Un'allegoria del Baal Shem Tov, fondatore del movimento chassidico
C’era una volta un re che aveva un figlio unico che amava molto. Il re voleva che il figlio allargasse i suoi orizzonti e che conoscesse altre culture, lo mandò quindi in un paese lontano con una bella somma di denaro e gioelli. Lontano da casa il figlio sperperò il denaro fino a rimanere povero, senza neanche un soldo in tasca. Decise di tornare al palazzo paterno e, dopo molte peripizie arrivò al cancello del palazzo. Negli anni aveva dimenticato la lingua del paese natio e nel suo stato non fu neanche in grado di identificarsi con le guardie. Disperato iniziò a piangere a gran voce fino a che il re, riconoscendo la voce del figlio, uscì e lo accolse in casa, baciandolo ed abbraciandolo.

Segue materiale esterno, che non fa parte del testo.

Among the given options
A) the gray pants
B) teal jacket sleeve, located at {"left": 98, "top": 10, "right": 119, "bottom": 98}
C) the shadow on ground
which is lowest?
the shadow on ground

Il Re è Hashem. Il Principe è il popolo d’Israele che sono chiamati ‘figli di D-o’ (Deuteronomio 14:1). Il Re manda un’anima in questo mondo per osservare la Torà e le mitzvòt. Gradualmente però l’anima si dista dalle sue origini e si dimentica delle abitudini che aveva in Cielo, scordandosi perfino della ‘sua lingua’. Quindi lancia un semplice richiamo al proprio Padre. Questo è il richiamo dello Shofar, un richiamo, un grido dall’io più profondo che esprime rammarico per il passato e un buon proposito per il futuro. Questo richiamo evoca la compassione di D-o che mostra il Suo amore infinito per il figlio perdonandolo.